# WORK ORDER
The answer must consist solely of the lines from the one with "this 500×375 image." through the last line of the data, copied exactly, with no pictures.

# DATA TO USE
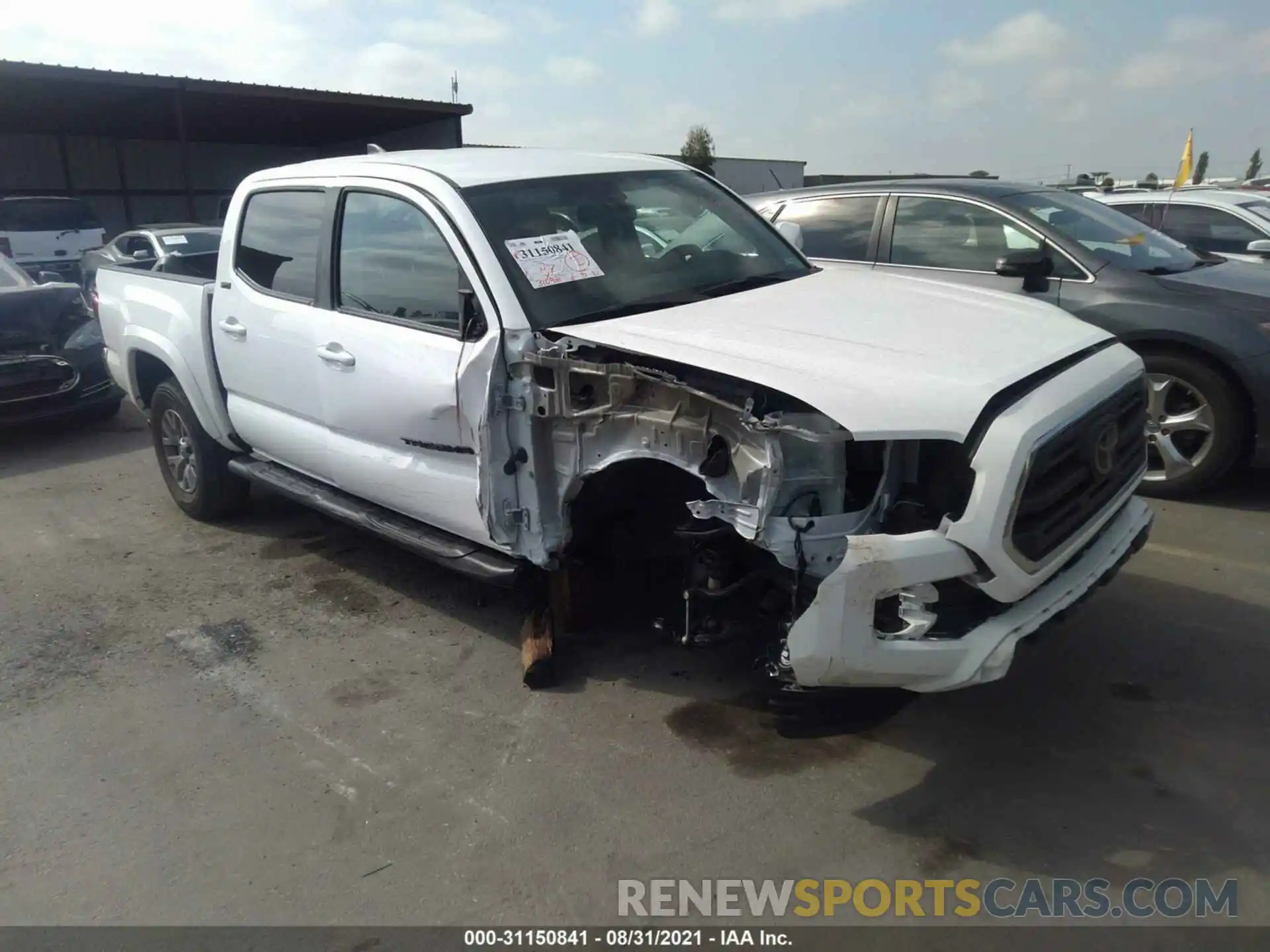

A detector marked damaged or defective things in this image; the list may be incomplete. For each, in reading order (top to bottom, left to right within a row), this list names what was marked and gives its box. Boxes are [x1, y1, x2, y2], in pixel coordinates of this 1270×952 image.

crumpled front bumper [783, 497, 1154, 693]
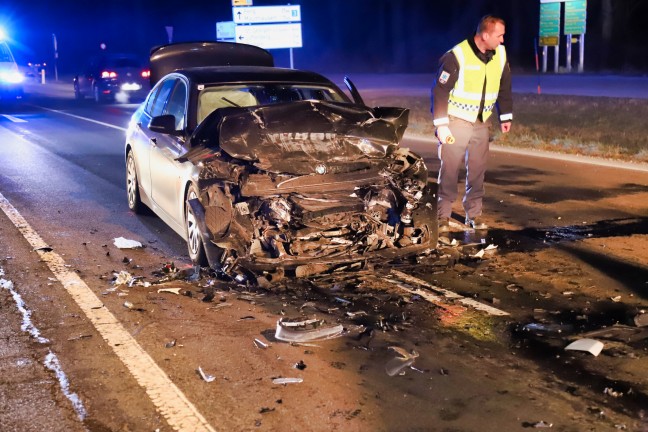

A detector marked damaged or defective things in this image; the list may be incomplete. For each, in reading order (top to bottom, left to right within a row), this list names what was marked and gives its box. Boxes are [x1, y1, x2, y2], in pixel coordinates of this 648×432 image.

crumpled hood [190, 100, 408, 175]
severely damaged car [124, 42, 438, 282]
front collision damage [182, 99, 438, 278]
broken plastic fragment [274, 316, 344, 342]
broken plastic fragment [197, 366, 215, 384]
broken plastic fragment [384, 346, 420, 376]
broken plastic fragment [564, 340, 604, 356]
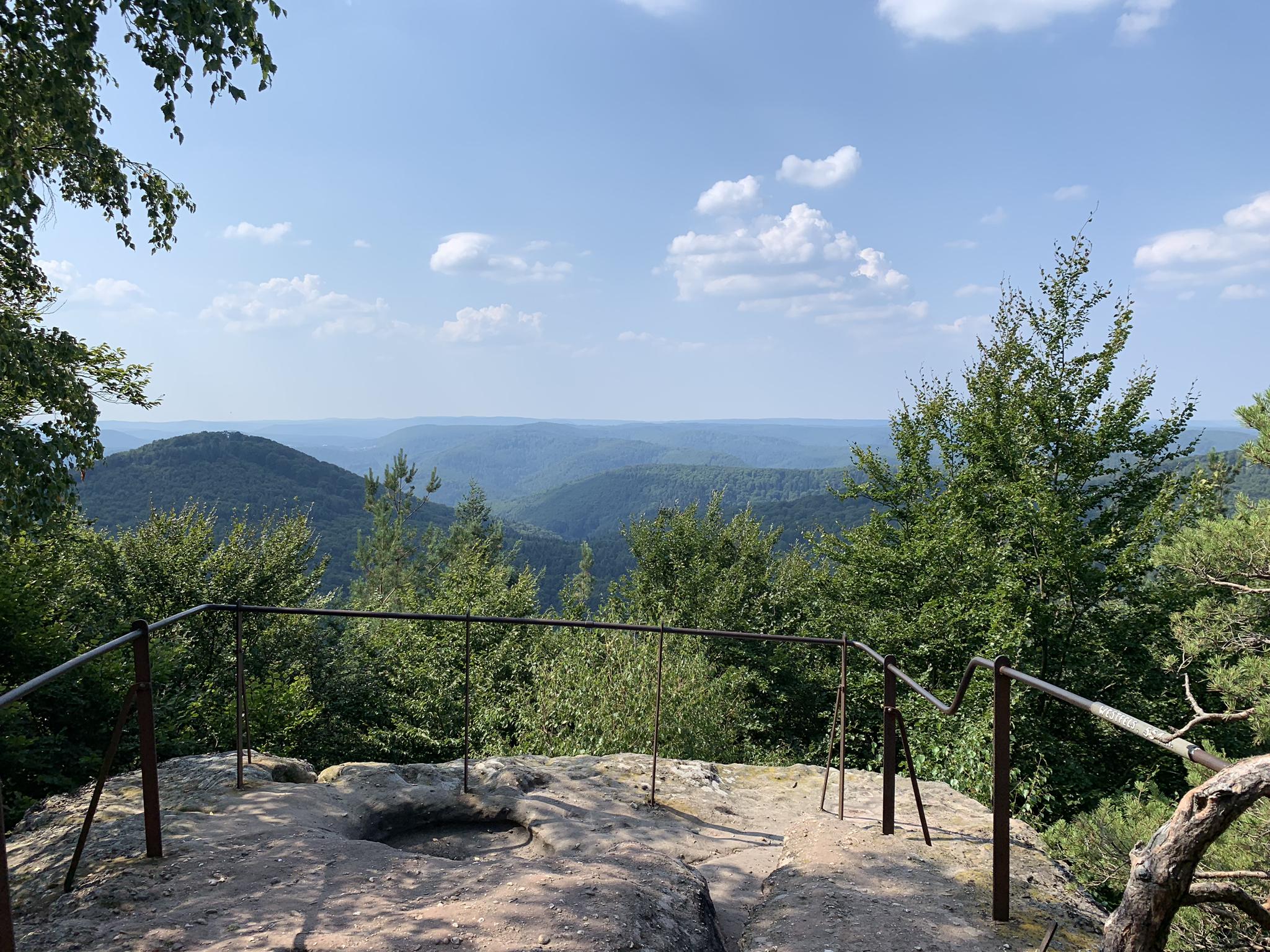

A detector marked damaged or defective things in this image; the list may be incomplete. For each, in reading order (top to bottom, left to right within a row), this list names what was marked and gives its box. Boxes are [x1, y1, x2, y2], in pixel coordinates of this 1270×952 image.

rusty iron railing [0, 605, 1230, 947]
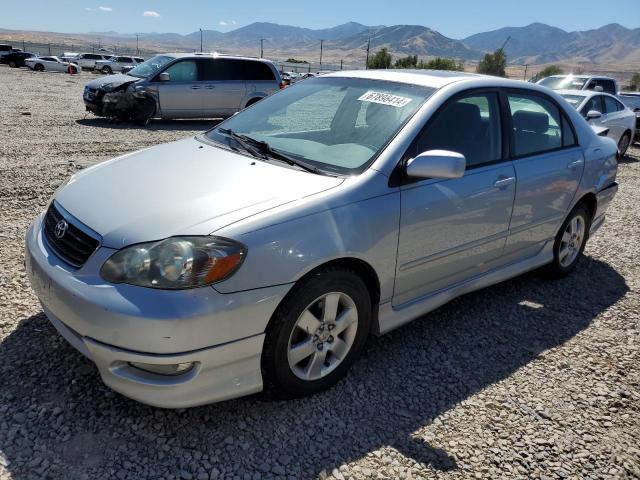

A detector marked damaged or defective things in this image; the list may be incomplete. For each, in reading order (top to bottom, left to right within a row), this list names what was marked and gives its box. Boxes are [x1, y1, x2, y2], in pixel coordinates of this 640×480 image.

damaged car [82, 52, 280, 125]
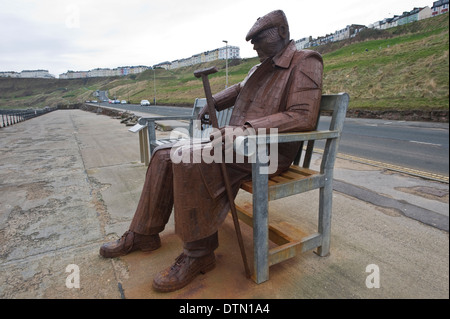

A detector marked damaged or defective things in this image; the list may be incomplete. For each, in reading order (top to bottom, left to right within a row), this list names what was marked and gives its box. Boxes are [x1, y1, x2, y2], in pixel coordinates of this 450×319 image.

rusty metal sculpture [98, 8, 324, 294]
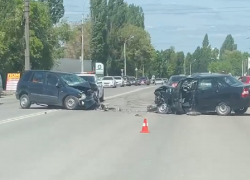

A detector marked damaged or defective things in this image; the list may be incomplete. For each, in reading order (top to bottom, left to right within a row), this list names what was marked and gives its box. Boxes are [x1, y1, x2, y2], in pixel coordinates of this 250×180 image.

black damaged car [15, 70, 98, 109]
black damaged car [154, 74, 250, 116]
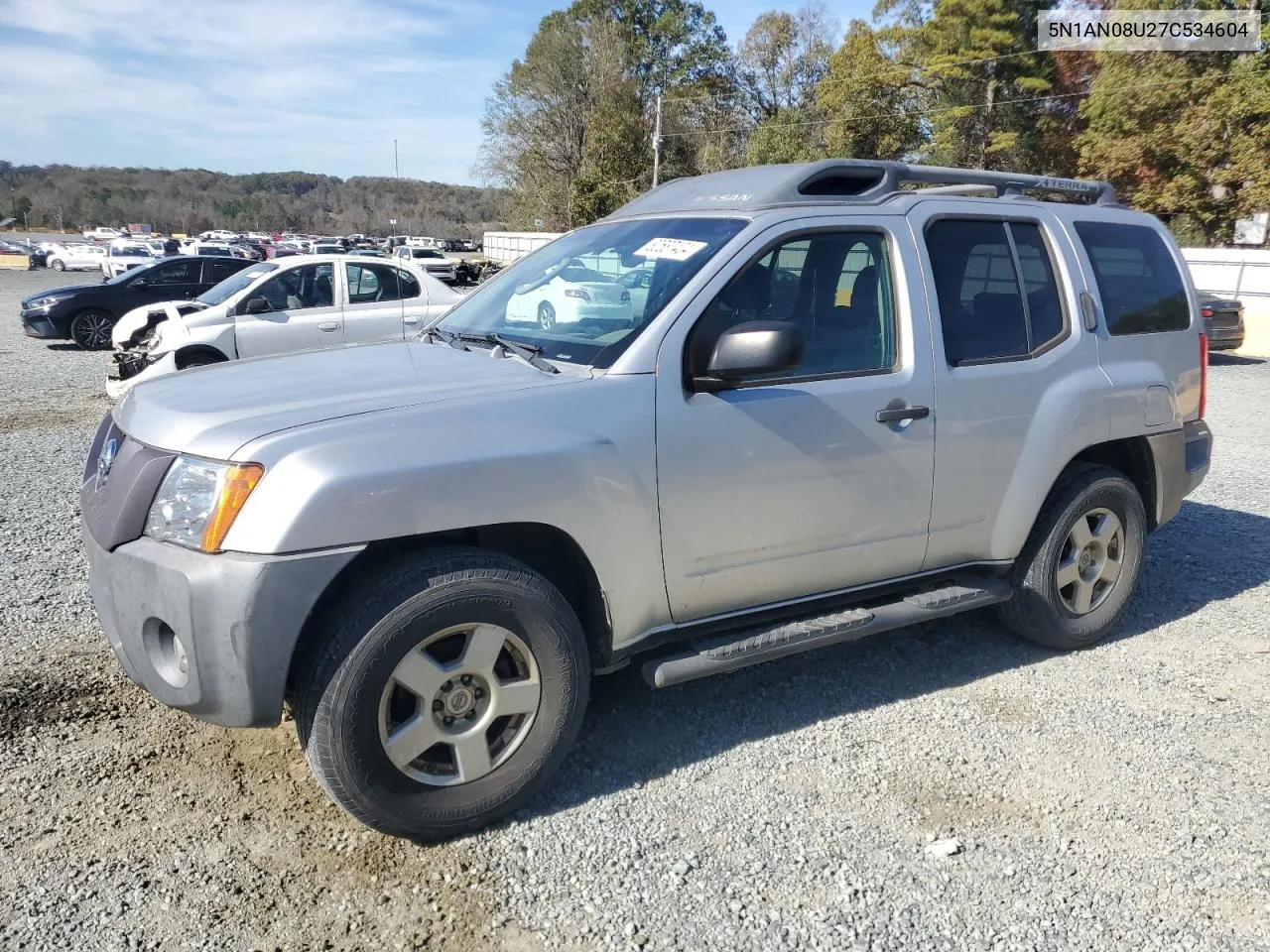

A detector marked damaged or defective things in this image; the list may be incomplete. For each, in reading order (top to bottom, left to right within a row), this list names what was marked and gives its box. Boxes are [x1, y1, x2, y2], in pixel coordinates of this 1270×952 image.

damaged car [106, 254, 459, 398]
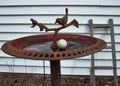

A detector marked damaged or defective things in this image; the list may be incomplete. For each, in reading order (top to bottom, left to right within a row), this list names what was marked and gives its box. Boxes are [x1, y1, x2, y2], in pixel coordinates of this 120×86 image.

rusty metal surface [1, 33, 106, 60]
rusted metal bird bath bowl [1, 33, 106, 86]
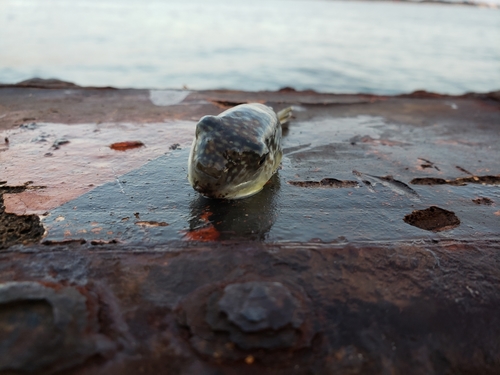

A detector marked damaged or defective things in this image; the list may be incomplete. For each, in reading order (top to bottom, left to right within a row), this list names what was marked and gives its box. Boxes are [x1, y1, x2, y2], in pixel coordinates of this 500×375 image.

rusty metal surface [0, 81, 500, 374]
rust patch [402, 206, 460, 232]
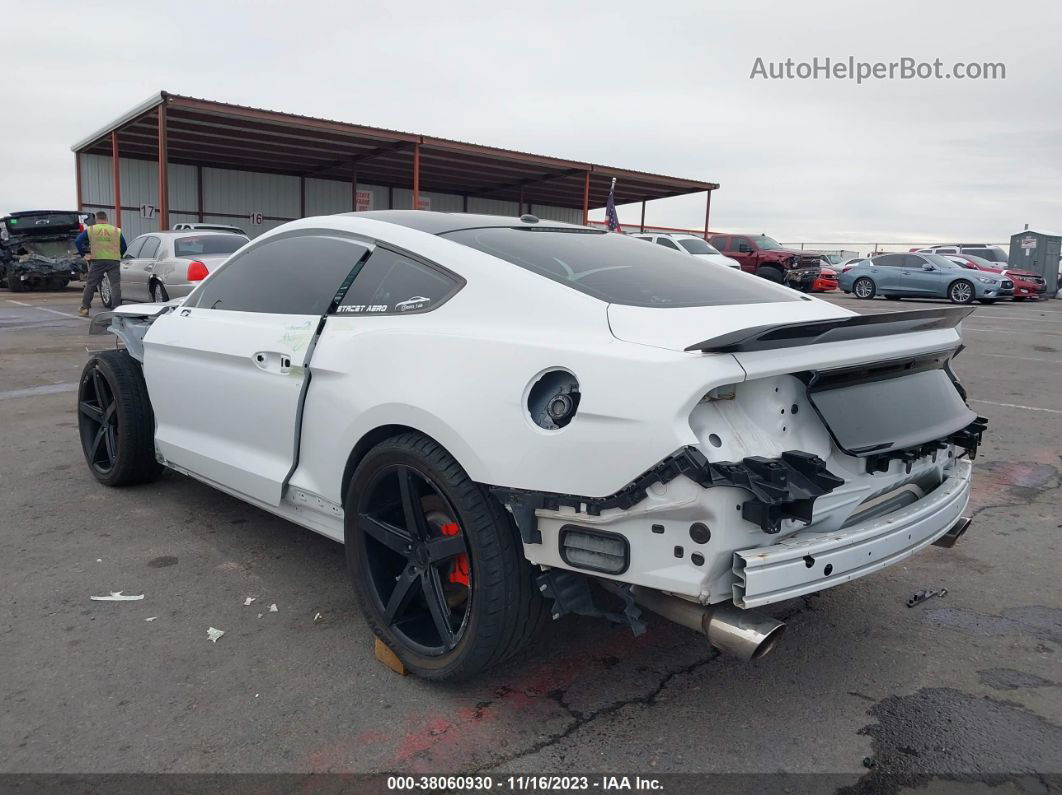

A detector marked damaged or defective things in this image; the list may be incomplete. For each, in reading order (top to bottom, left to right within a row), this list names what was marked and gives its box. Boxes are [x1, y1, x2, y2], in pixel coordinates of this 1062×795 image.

damaged rear end [1, 209, 87, 290]
damaged vehicle [1, 209, 88, 290]
damaged vehicle [78, 212, 981, 683]
damaged rear end [526, 301, 981, 658]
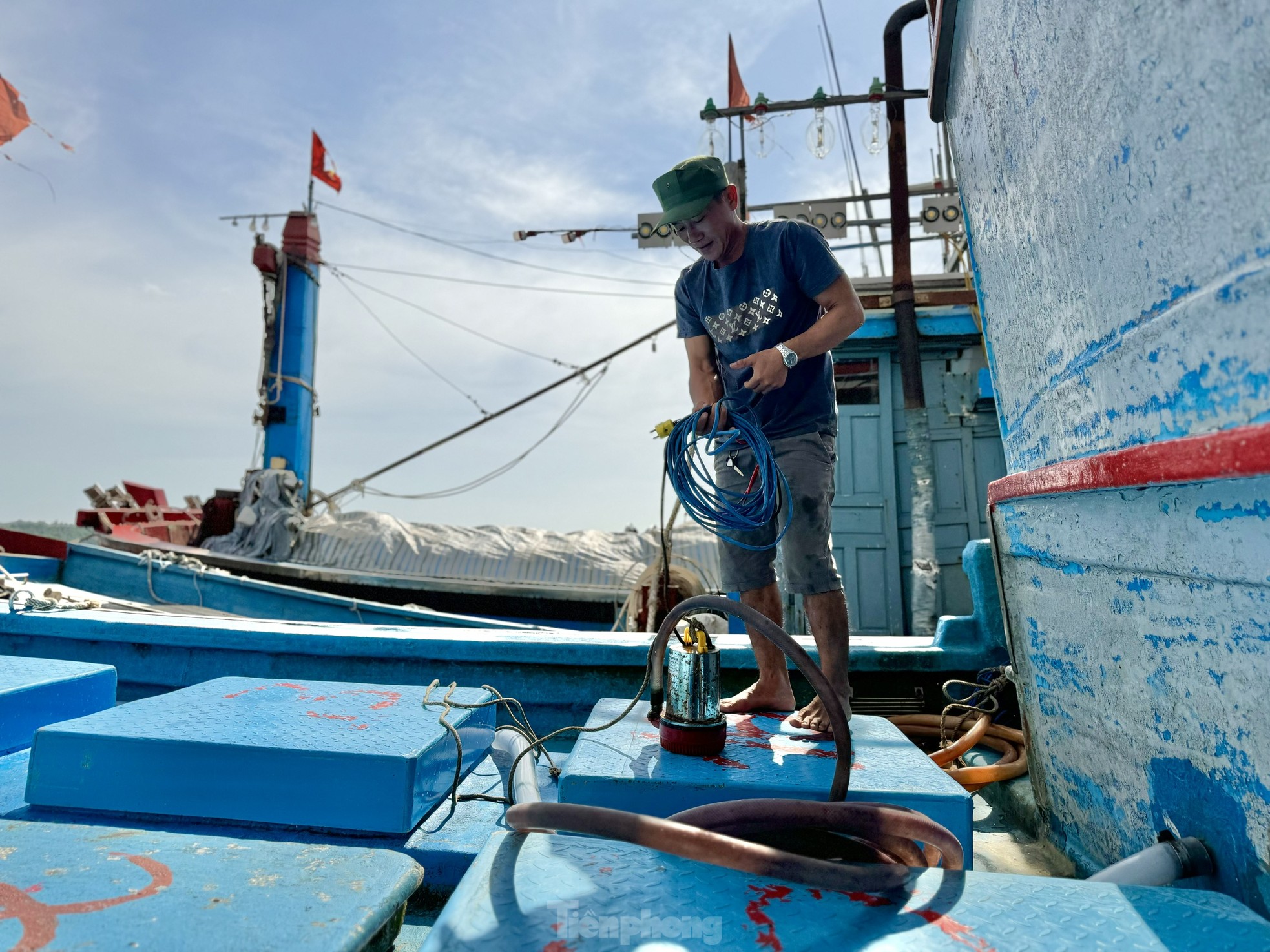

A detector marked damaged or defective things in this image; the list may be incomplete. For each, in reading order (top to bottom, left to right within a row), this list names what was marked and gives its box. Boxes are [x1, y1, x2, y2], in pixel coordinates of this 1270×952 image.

rusty metal pole [889, 1, 939, 642]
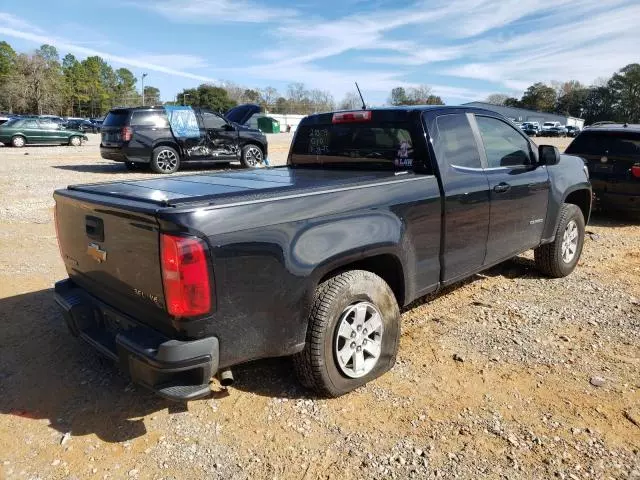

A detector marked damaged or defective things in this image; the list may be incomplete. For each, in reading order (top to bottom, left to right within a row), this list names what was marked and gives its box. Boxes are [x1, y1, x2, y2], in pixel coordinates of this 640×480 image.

damaged vehicle [99, 104, 268, 173]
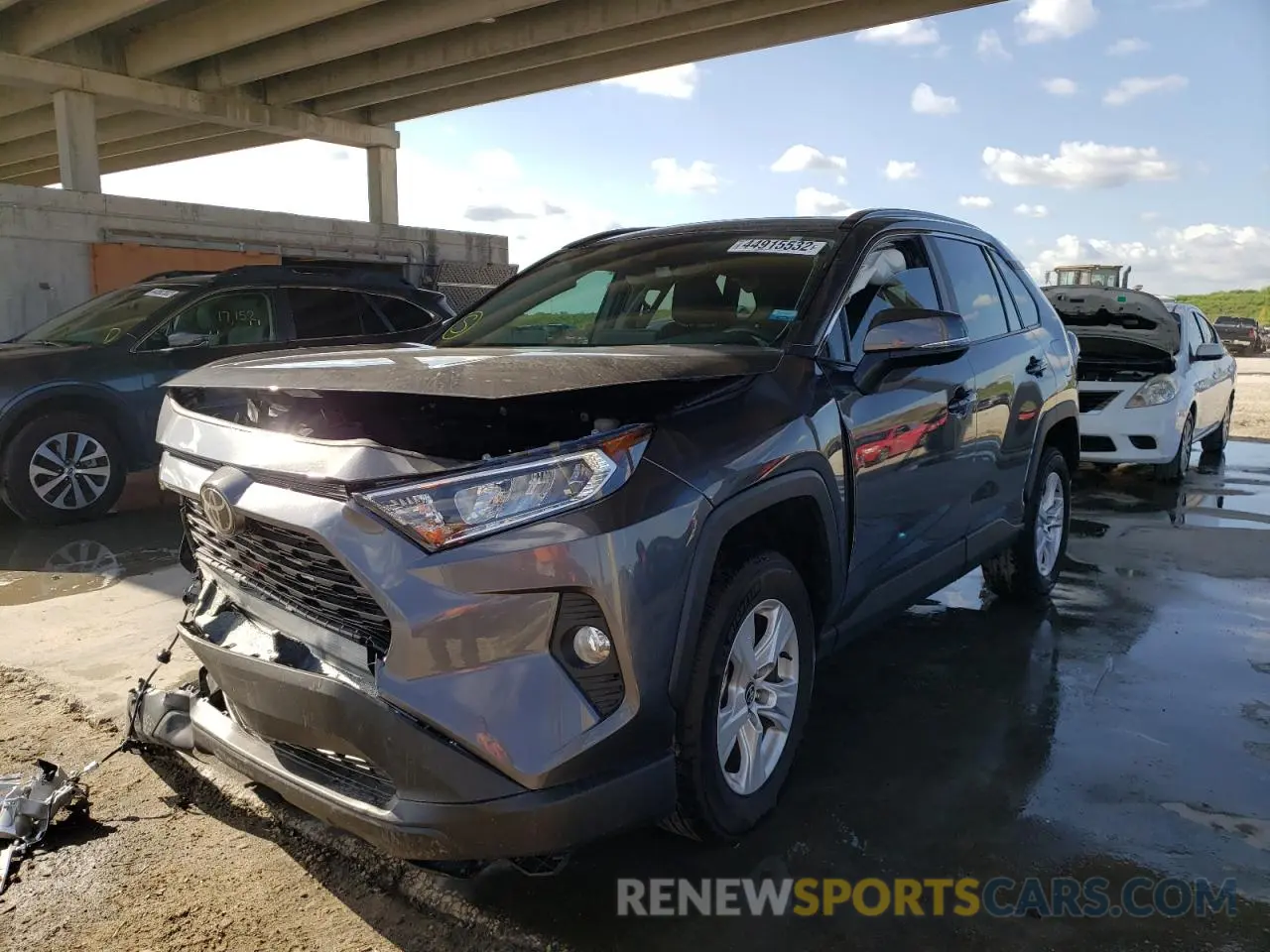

# ANSWER TO THIS PROBLEM
A detector marked damaged or defective things in this image; the list may be incomplete. For each, in reading order (top to bottom, left to right within a row), this list names what was marked and gives its box. Boxes are [x1, y1, x2, y2], in pixel coordinates of this 500×375 image.

rusty metal surface [0, 81, 500, 374]
rust patch [402, 206, 460, 232]

A detector marked damaged or defective things in this image; the list may be incomplete. For each, in reading order (top to bottom, left to right within a row), this list names what was marked and gives its box. Boxes are [x1, y1, x2, y2], in pixel coordinates of this 1062×795 image.

damaged rear end [1, 209, 87, 290]
damaged vehicle [1, 209, 88, 290]
damaged vehicle [78, 212, 981, 683]
damaged rear end [526, 301, 981, 658]

A detector marked damaged or defective things in this image; the list may be incomplete. For each, in reading order (top to bottom, left to right within a row), this list names what was marked and gives its box. Boxes are [x1, y1, x2, y2], in pixel coordinates of this 1270×952 image.

rusty metal pole [889, 1, 939, 642]

A detector marked damaged or defective things in this image; the list may be incomplete. For each, in reading order (top to bottom, left to right within a row), this list names what was marked and gives its box. Boxes are [x1, y1, x2, y2], in pixel coordinates of this 640×480 image.

damaged vehicle [99, 104, 268, 173]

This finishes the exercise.